Association of immune-related adverse events induced by nivolumab with a battery of autoantibodies

Abstract

Background The aim of this study was to assess the diagnostic performance of an autoantibody battery in patients receiving immune checkpoint inhibitors who experienced immune-related adverse events (irAEs). Methods We retrospectively analyzed several variables potentially related to irAEs, namely, demographic, clinical, and laboratory characteristics, including an autoantibody battery (antinuclear, anti-neutrophil cytoplasmic, anti-thyroid antibodies and rheumatoid factor).

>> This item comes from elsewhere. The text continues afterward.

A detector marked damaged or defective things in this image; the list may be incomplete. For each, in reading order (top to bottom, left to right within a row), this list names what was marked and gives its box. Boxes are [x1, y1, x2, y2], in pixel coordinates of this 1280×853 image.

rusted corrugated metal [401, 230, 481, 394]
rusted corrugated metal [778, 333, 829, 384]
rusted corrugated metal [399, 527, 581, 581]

Results Sixty-nine patients (48 men; 61.8 ± 10.9 years at baseline) diagnosed with stage-4 solid-organ cancer and treated with nivolumab were followed up for 12 ± 10.3 months. Thirty-two irAEs were detected in 26 patients (37.5%). Adverse events occurred more commonly in women (62% vs. 27%, p = .006), and younger patients (irAEs: 58.1 ± 9.8, no irAEs: 64.1 ± 10.9 years, p = .024). Autoantibody battery results were available for 26 patients and were more frequently positive in patients with irAEs (87% vs. 30%, p = .009). The positive predictive value, negative predictive value, and diagnostic accuracy of the battery were 82.3%, 77.8%, and 80.8%, respectively. Among the 64 patients with an evaluable response, 23 (38.5%) experienced tumour progression, this being less frequent in patients with irAEs (19% vs. 48.5%, p = .03). Overall survival was higher in patients developing irAEs (HR = 1.88, p = .05). Conclusion Positivity in a readily available autoantibody battery may be associated with the occurrence of irAEs. KEY MESSAGES Positivity in an accessible and inexpensive autoantibody battery including antinuclear, anti-neutrophil cytoplasmic, anti-thyroid antibodies and rheumatoid factor may be associated with the occurrence of immune-related adverse events. Patients with cancer on immune checkpoint inhibitors experiencing immune-related adverse events showed a lower risk of progression and better overall survival than patients not experiencing this type of adverse effect.